State Senator Bob Wirch (D-Kenosha) said the timing is suspicious. “In an election year, when a Democrat is running for state Senate, all the sudden we push through legislation, when we looked the other way when Ziegelbauer did it.” Manitowoc County Executive Bob Ziegelbauer served an overlapping term in the state Assembly, as a Democrat and an independent, for more than six years. As an independent, Ziegelbauer caucused with Assembly Republicans.

AUDIO: Sens. Wirch, Fitzgerald (6:00)

Fitzgerald said some lawmakers were concerned, during the period that Ziegelbauer held both offices.

“To me, the responsibilities associated with being somebody at the county level, who’s trying to deal with the scope of issues that we deal with, and that somehow that’s not going to conflict with public policy being in this Capitol, it’s just ridiculous,” Fitzgerald said. “It would happen every day of the of the week.”

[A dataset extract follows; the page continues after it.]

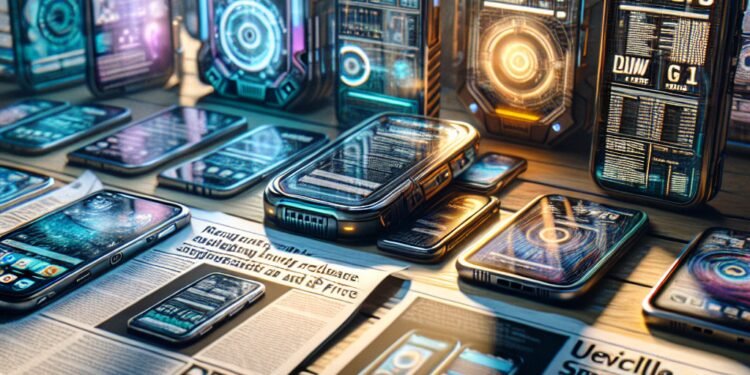 Descubra os lançamentos de celulares em 2025: review, especificações e preço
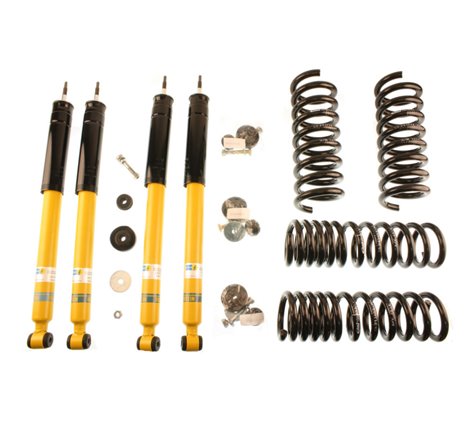 Bilstein B12 1996 Mercedes-Benz E320 Base Front and Rear Suspension Kit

Scot Ross with the liberal advocacy group One Wisconsin Now, said a search of the group’s media files failed to uncover “a word said from any current elected Republican, related to Bob Ziegelbauer serving as the county executive of Manitowoc County. Not one word.” Ross said the bill was “about so you can get a headline up the Fox Valley saying that Mark Harris is double dipping because he may continue to serve for a period of time as county executive, because he was elected to that position, while perhaps being elected to the 18th District.”

If Harris is elected to the state Senate, he would take office in January 2017, four months before his term as county executive ends in April 2017.

Waukesha County Executive Paul Farrow, a Republican, briefly held onto his state Senate seat after being elected county executive in 2015. Farrow testified in support of the bill.